The core symptoms of FM include widespread chronic musculoskeletal pain, sleep disturbances, chronic fatigue, cognitive impairment, and mood disorders. The diagnostic criteria did not differentiate between the chronology of onset of these symptoms and presented all of them in a cohort manner. Further studies on the chronology of FM symptoms need to be performed.
Central sensitization seems to play a major role in both the etiology of FM and the chronification of pain in the postoperative period [5]. Chronic pain is a crucial problem in postoperative care. Personalized pain medicine, the idea of Bruehl et al. [79], should be considered in every patient diagnosed with and treated for FM. A synthesis of the FM approach and main directions in perioperative management based on the discussed literature are shown in Figures 1 and 2 [4, 11, 13, 20, 33].

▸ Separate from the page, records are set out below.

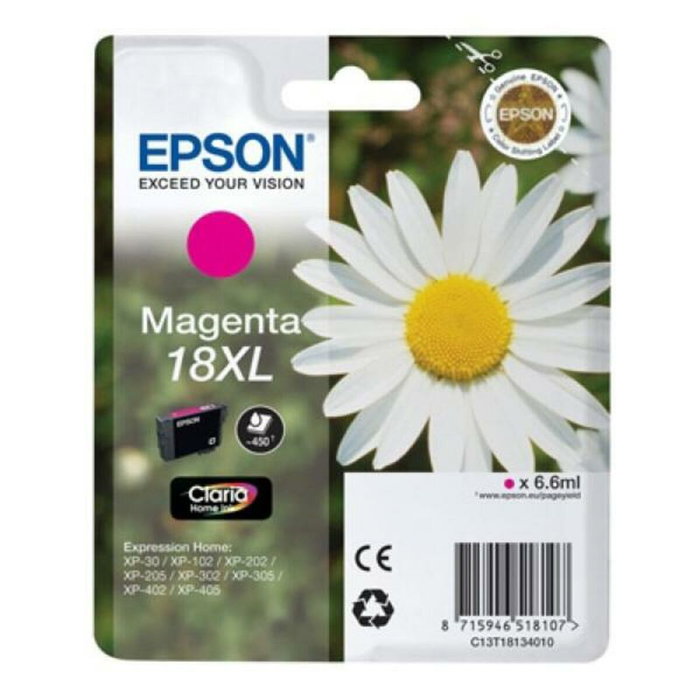 Epson Cartucho 18XL Magenta para Expression Home XP-102/205/305/405, T181340 Epson Cartucho 18XL Magenta para Expression Home XP-102/205/305/405, T181340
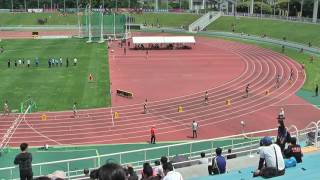 H29　千葉県高校総体　男子400m　予選5組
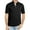 Black, variant on Mens Knit Polo Shirts Short Sleeve Textured Polo Shirts Sretchy Regular Fit Sky Blue 10(XL)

In the article published by Sarzi-Puttini et al. [11], the authors synthesized the main directions for the future management of FM patients by highlighting the multimodal approach. Moreover, in the most recently published articles the authors have presented yearly updates of new data on FM [80–85].
Conclusions
The main issue in the diagnosis and management of FM is to focus on the evaluation of strict diagnostic criteria to minimize under- and overdiagnosis. Multimodal therapy with an individualized approach seems to be the optimal solution for FM in the perioperative period.
Further research should be performed to focus on global prevalence, etiology, pathomechanism, and their implications for further treatment.
Interdisciplinary research with special interest in pain management, including perioperative medicine, seems to be the main theme for the future.